The dating of these copper paintings has relied mainly on stylistic analyses and the possible presence of artists’ signatures. Even if on some Flemish paintings, a copper plate maker’s stamp is found on the reverse side, very few of these marks can be identified and dated.
Curators until now have not had any scientific method to assist them in placing a painting on copper in space and time.
For the dating of paintings on wood, the advances of dendrochronology have proven its feasibility, allowing museums to achieve an earliest possible date (terminus post quem).
For paintings on canvas, digital technology has recently employed advanced algorithms to construct a weave-mapping based on X-radiographs. In this way, canvases cut from the same roll may be matched and thereby interrelated in time and space.
The purpose of our proposal is to employ advanced X-ray fluorescence (XRF), a non-destructive analytical technique used to determine the elemental composition of materials, capable of accurate and reproducible detection of trace elements in copper, in order to create a chronology of the metal used by the copper smith before the plate was acquired by the artist. The end-result will be to introduce a new technique, a chalcochronology, vital for the dating of the copper used for paintings.
Recent research has documented that the copper produced by the major early modern mines can be distinguished by comparing the amounts and proportions of impurities. Based on the chemical analysis by XRF of a large number of well provenanced and dated objects, such as copper coins, cannons or church bells, Arie Pappot (Rijksmuseum) has established a detailed view of market availability through time and preferential use of copper from different mines. His overview is invaluable to the current research proposal dealing with the dating of paintings on copper based on the provenance of the copper.
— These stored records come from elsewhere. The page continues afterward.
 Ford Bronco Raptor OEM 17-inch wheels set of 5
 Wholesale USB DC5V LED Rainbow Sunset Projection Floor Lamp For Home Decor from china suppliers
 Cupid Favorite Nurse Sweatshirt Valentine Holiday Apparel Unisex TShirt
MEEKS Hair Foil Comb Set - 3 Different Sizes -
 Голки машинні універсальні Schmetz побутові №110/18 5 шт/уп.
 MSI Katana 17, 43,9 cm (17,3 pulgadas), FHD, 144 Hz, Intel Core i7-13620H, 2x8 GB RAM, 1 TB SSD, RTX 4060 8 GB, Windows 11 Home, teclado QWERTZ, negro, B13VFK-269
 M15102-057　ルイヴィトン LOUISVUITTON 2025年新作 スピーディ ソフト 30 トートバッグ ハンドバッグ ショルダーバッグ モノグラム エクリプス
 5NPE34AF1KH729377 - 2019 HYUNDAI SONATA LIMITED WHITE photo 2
Further, as a spin-off, our research will contribute to improve the understanding of historic material processing in general.
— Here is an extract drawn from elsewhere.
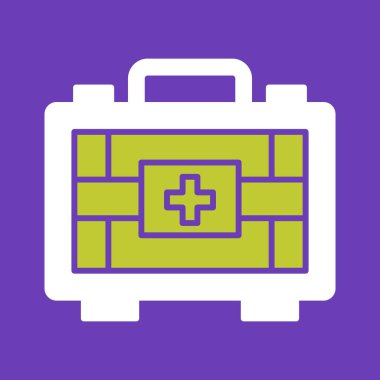 ilk yardım kutusu simgesi. vektör çizim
The approach has already produced a number of promising results: in one case, a copper-support of a Paul Bril (1554-1626) painting (SK-A-1314) at the Rijksmuseum examined. The painting was considered a later copy after a version at the Kunsthistorisches Museum Wien (KHM 5770), dated 1601. Our XRF-tests resulted in a clear match with a type of copper in use in late 16th century coinage, forcing us to rethink the status of this painting.
Several collections with important holdings of paintings on copper have already expressed their interest in this research: the Statens Museum for Kunst (SMK, Copenhagen), the Rijksmuseum (RMA, Amsterdam), and the Gemäldegallerie Alte Meister, Staatliche Kunstsammlungen Dresden (SKD, Dresden).
By presenting our pitch at the NICAS match day, we hope to arouse wider interest among museums with copper supports in their collections and find more case studies that could direct the first stage of this project.